A tail light would just connect to the appropriate power source on your bike, directly, so that it turns on when you turn the bike on.
There are many kinds, and voltages they need, and amounts of current they'll need to operate. Anything bright enough to be useful will take more power than you can get out of any of the controller's connectors; it would probably damage the controller (or the display) to connect them to it directly.
If you use 12v (automotive, motorcycle) types, you'll need a DC-DC converter that takes whatever your main battery voltage is and converts it to 13.6v-15vdc, whcih is the range that these types actually expect (12v isn't enough to run them properly). It will need to be capable of enough amps (A) to run the tail light and anything else you later decide to add (turn signals, other headlights, accent lights, downlights, etc).
If you use the types that have a wide range voltage input, intended to run directly off an ebike battery, then you don't need the DC-DC as long as your battery is within it's range.
In either case, you could connect a separate switch that connects the DC-DC's input or the wide-range light's input to the battery output. If the battery has it's own switch, and you want hte light on all the time the battery is on, you can skip the extra switch.
If you want the controller's light button to turn the taillight on too, you'll need to add a relay driver to the headlight output, that then controls a relay that turns your taillight on and off (connecting directly to the headlight output will probably blow up the internal control electronics of the display/controller and the headlight wont' work either). If the relay driver takes enough current to run, then you'll also need to use the relay (or a separate one) to control the headlight, too, and not run it directly off that controller output. THey don't usually handle much power very well.
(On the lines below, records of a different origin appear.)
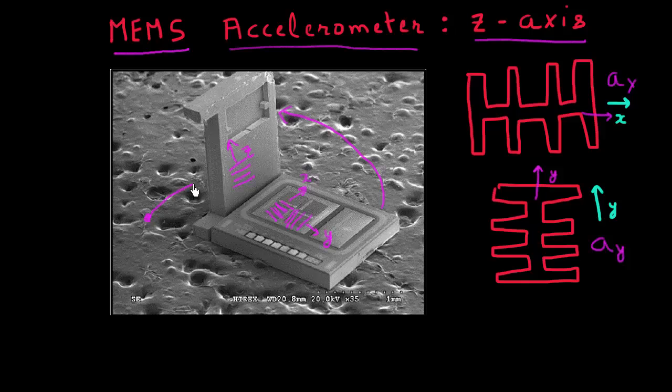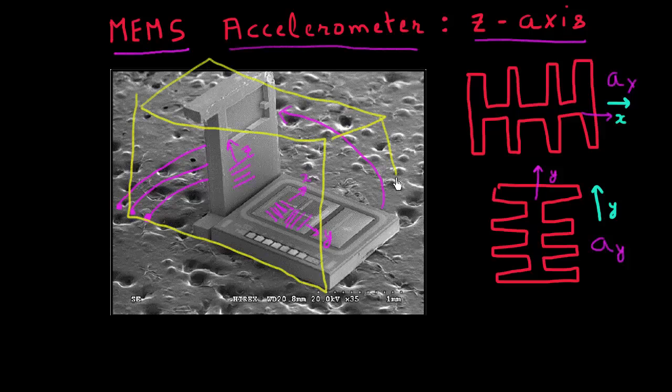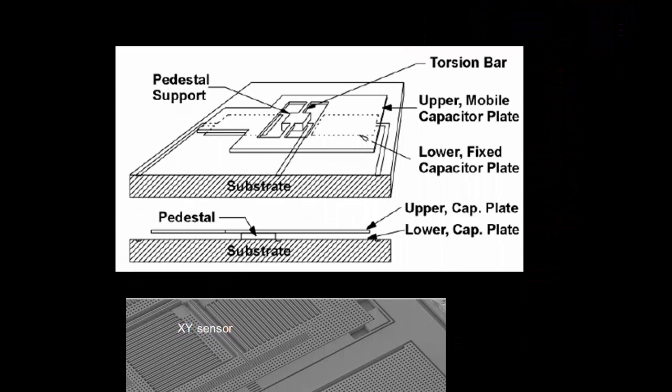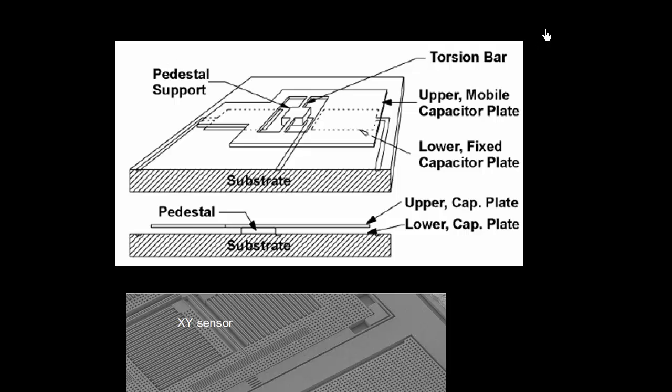We can think about how to make contacts or how to connect to this MEMS chip which is perpendicular — that would become very challenging. Also, how to overall package these two chips into one monolithic package would become increasingly difficult if this chip is standing perpendicular with respect to the ground. So even though this might sound like a cool thing to do, it's not a very practical approach. The practical approach most commonly used to make a three-axis accelerometer, to enable measurement of acceleration along the z-axis, is different.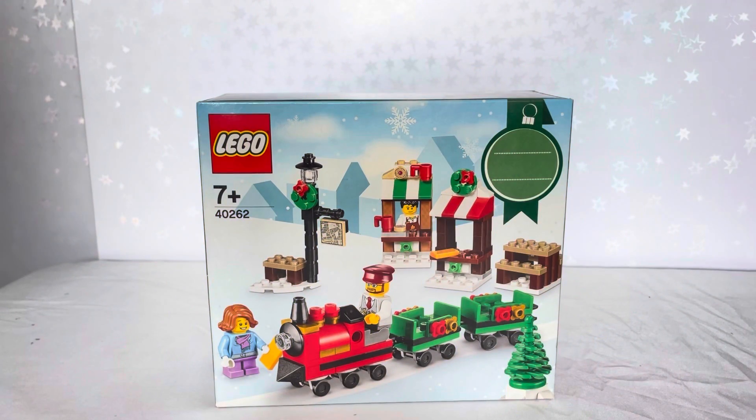Alright, hey guys, welcome back to the 5Fizz channel, it's Kai. So today we have set 40262, which is called the Christmas Train, with 3 minifigures. It retails for $9.99 USD and $19.99 Singapore, and has 169 pieces. So let's open this up and review it.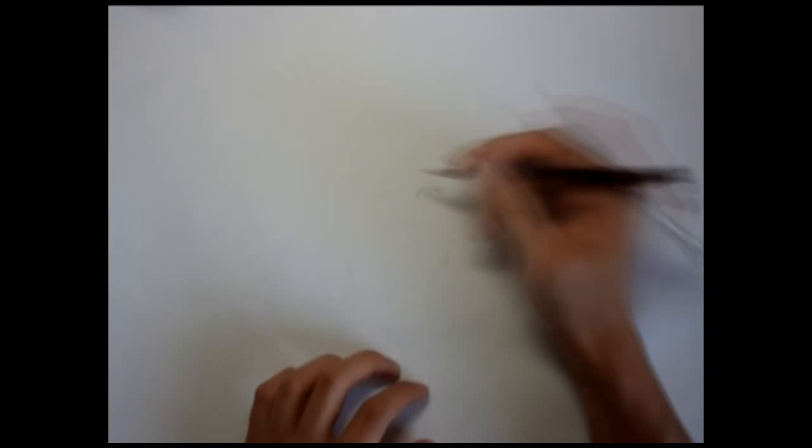Hey guys, how's it going? This is a time-lapse drawing of Adele and how I broke her down for her drawing. She has such a powerful voice and I've been listening to her a lot recently, so I wanted to do a portrait of her.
There are other voltage lights like those that run on AA or AAA batteries, etc., and you'll need to use a DC-DC (or separate battery) to power those, like with teh 12v lights.
If the tail light you want to use also has a brake light, then you can use a relay driven by the ebrake lever to control it. The actual controller ebrake signal line probably can't handle the current needed by a decent brake light, so you don't want to directly connect the light to the ebrake wires.
The "best" way to splice the brake light control signal into the ebrake wiring is to use an extension cable that has male on one end and female on the other, to go between the ebrake connectors (whichever they are) and the controller. Then you can cut into the extension cable's housing and first test teh wiring to find which is the one you need to connect to, and then splice into that from your relay driver. That way you aren't messing with the original wiring's waterproofness, and can easily bypass a problem with any addon wiring by just taking it out of the circuit path and plugging the original connectors back together.
Some brake lights use a grounding signal to turn them on, and some require a voltage to turn them on. You'll need to know which one is required before draw up and building (or buying) the relay circuit for it.
There is a thread by Teklektik about his 2WD cargo bike (Yuba Mundo, IIRC) that has details on his lighting and wiring and parts lists, etc., that you may find a useful reference.
https://endless-sphere.com/forums/viewtopic.php?t=36959
There are also posts helping various people with this kind of thing that you can find by searching my posts, that may have useful info.
Note that if you don't know what the blue connectors are for, I don't recommend doing anything with them until you find out. Tracing where they go to and come from in the bike wiring harness is your first easy check, just folloiwng the cable from each connector to whatever is on the other end. What the actual signals are may be guessable from there, or you may then need to open up the cable or the device at one end or the other to measure things. (measuring anything without it all connected doesnt' always tell you what is really happening).